In a fascinating turn of events, artificial intelligence (AI) has reportedly not stolen jobs from professionals, but instead has become their new indispensable assistant, capable of fetching coffee and printing documents instead of performing actual job functions.
Dr. Barry Covington, a renowned psychotherapist, recently shared his experience with his AI assistant. “It’s amazing! I ask it to diagnose a patient’s mental condition and it comes back with a weather update. It’s a delightful change from the monotonous stress of my job”, expressed a jovial Dr. Covington.
Meanwhile, lawyers have found a new use for AIs as they excel at mindlessly objecting during court proceedings. “I just set it to ‘Objection Mode’ and it objects every 30 seconds or so,” said barrister John Smith, “It’s perfect for my afternoon nap.”

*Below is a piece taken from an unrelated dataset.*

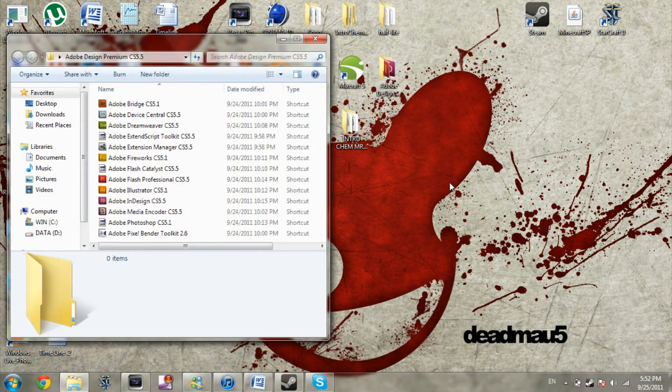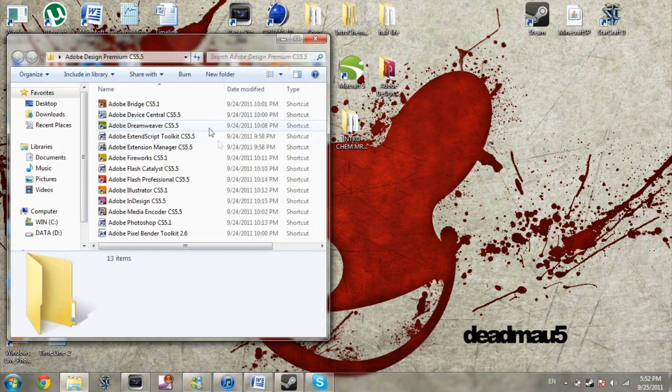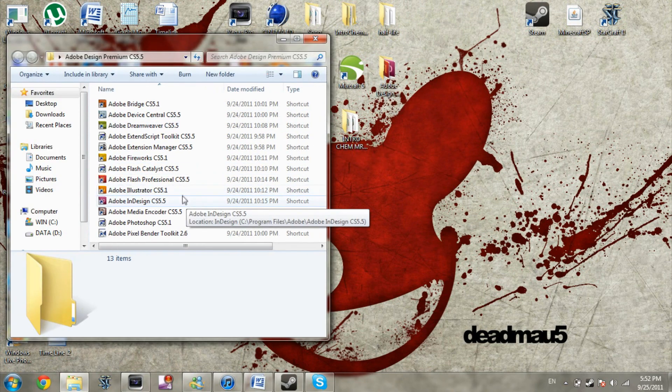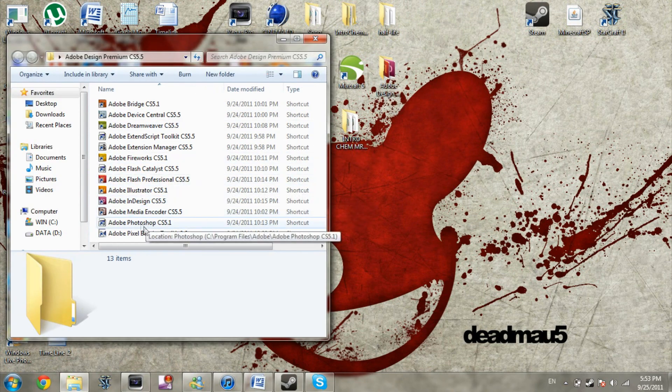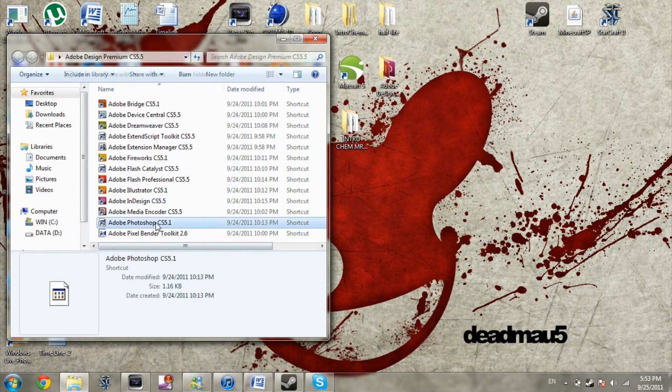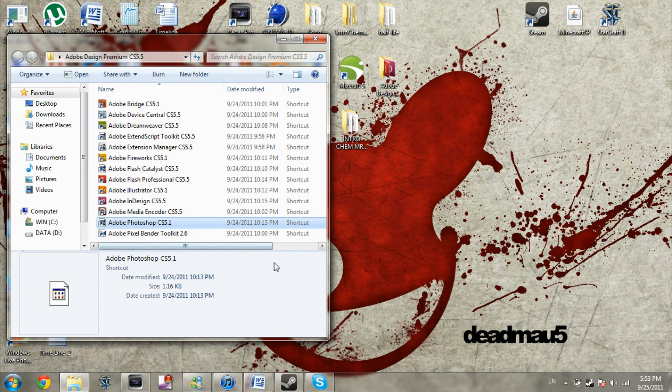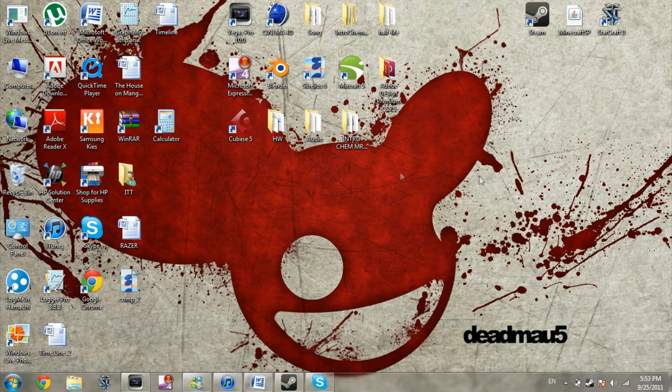So what I have done is, as you can see here, I downloaded a bunch of Adobe stuff, including Adobe Photoshop CS5 which I will be doing more videos of.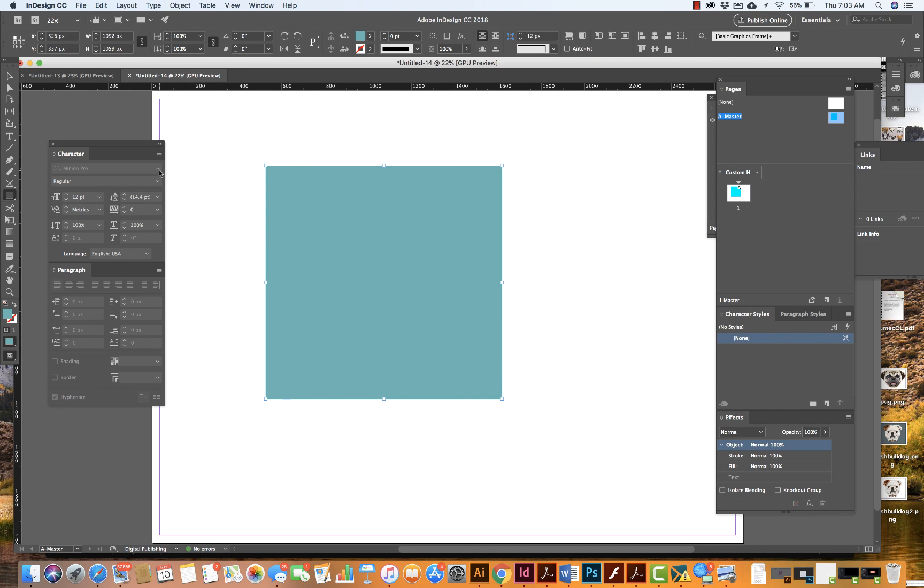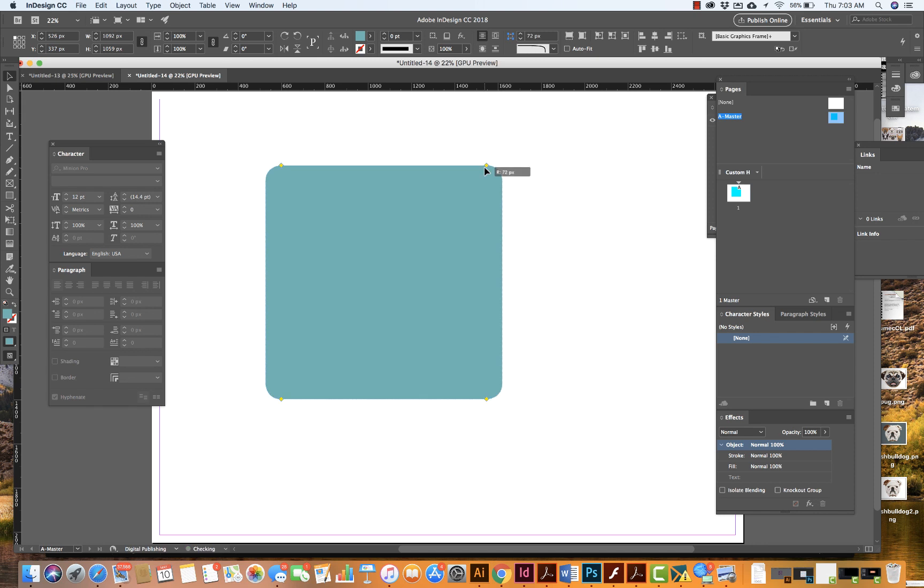Now, very easy. I'm going to come on over, grab my black arrow, and I can see that I have this yellow square. I'm going to double click to edit the corners, and now I can click and pull this in. And voila, I have rounded corners.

Educators have also benefited, with AI’s state-of-the-art technology allowing it to incorrectly grade multiple-choice questions with a staggering 99% accuracy.
In an exclusive interview, one of the AI creators explained, “Our goal with AI was to create an entity so incredibly inefficient at professional tasks that humans would look competent in comparison. I think we’ve nailed it.”
When asked if this was the future they envisioned, a verbatim response was, “Cannot compute answer. Would you like a cup of coffee instead?”